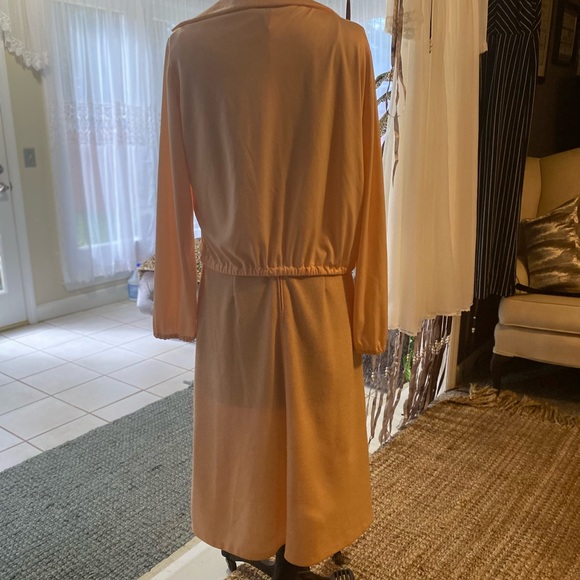 Two piece 1970 vintage apricot dress and top set - Picture 2 of 3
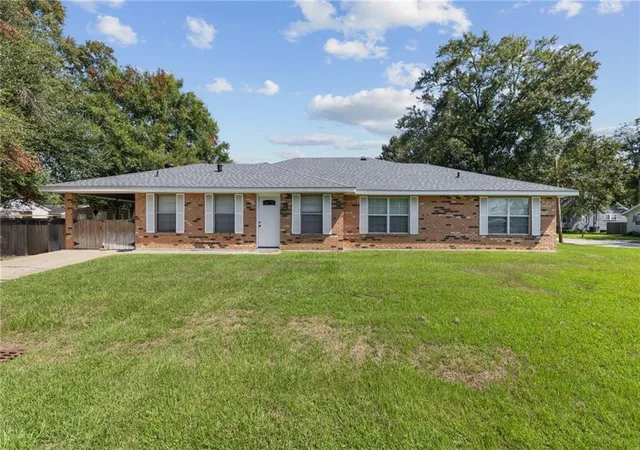 Photo 1 of Multi family home for sale at 2753 College St, Slidell, LA 70458 | MLS# 2575822 | Listing updated on 2026-10-04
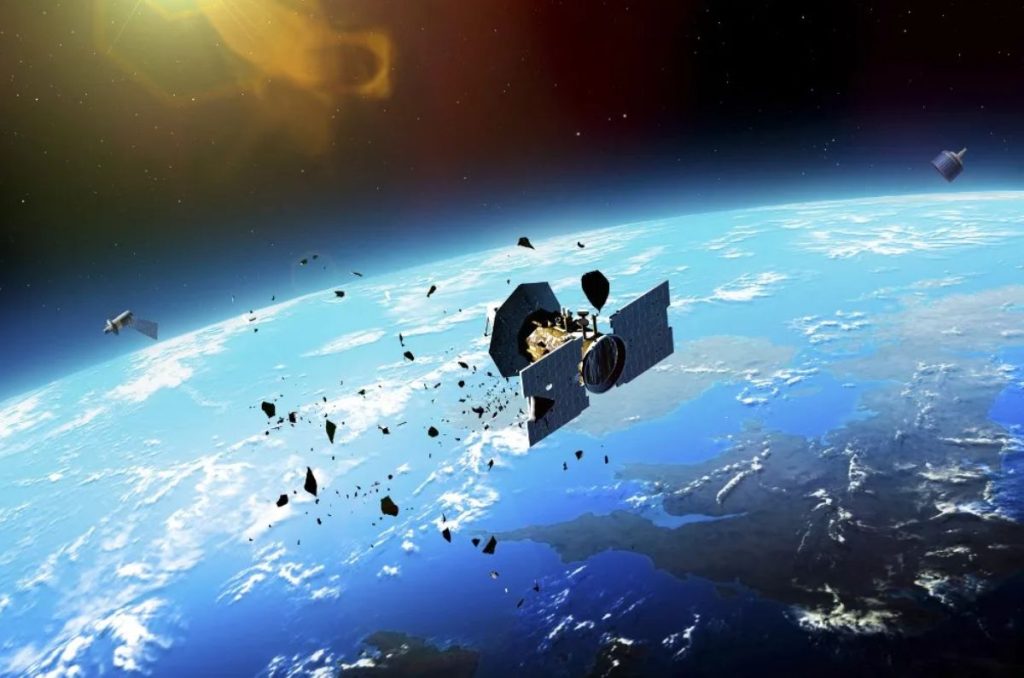 La basura espacial supone una grave amenaza para la ISS y los satélites, con el riesgo de causar daños también en la Tierra.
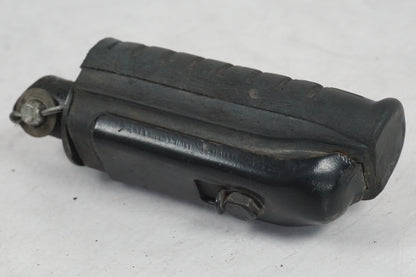 Baksidan på Fotpinne från en Honda CBF 125 -2010 motorcykel.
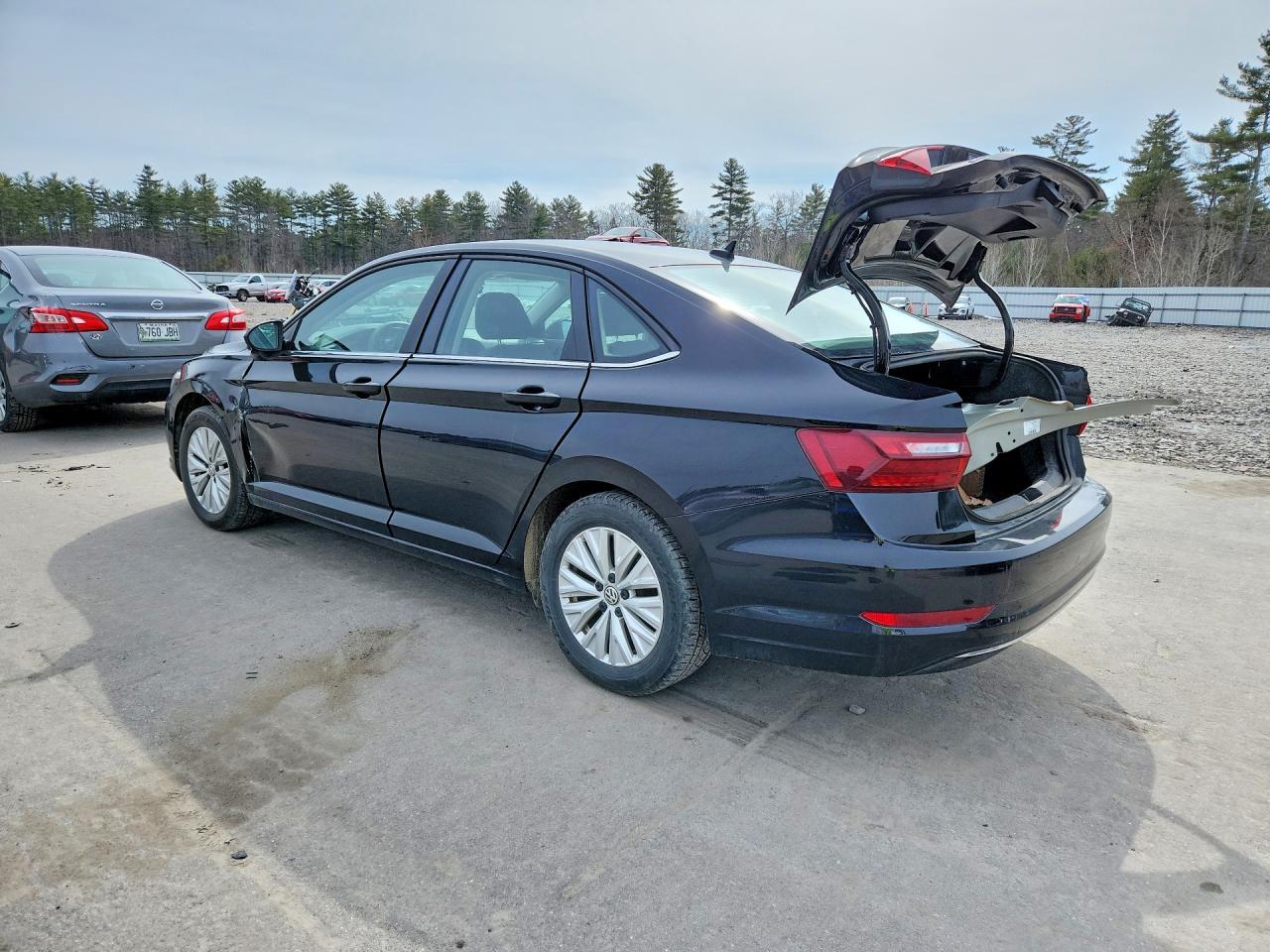 2020 Volkswagen Jetta S - zdjęcie 2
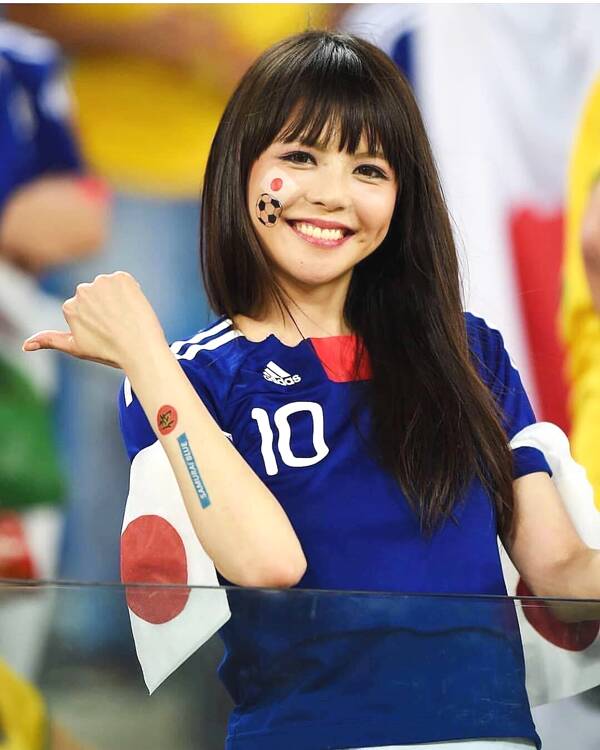 足坛赛场一道风景线-美女球迷助威的瞬间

Exercise directions
What is needed here is an exact repetition of the listing above, pictures excluded.

Answer to the exercise
 Two piece 1970 vintage apricot dress and top set - Picture 2 of 3
 Photo 1 of Multi family home for sale at 2753 College St, Slidell, LA 70458 | MLS# 2575822 | Listing updated on 2026-10-04
 La basura espacial supone una grave amenaza para la ISS y los satélites, con el riesgo de causar daños también en la Tierra.
 Baksidan på Fotpinne från en Honda CBF 125 -2010 motorcykel.
 2020 Volkswagen Jetta S - zdjęcie 2
 足坛赛场一道风景线-美女球迷助威的瞬间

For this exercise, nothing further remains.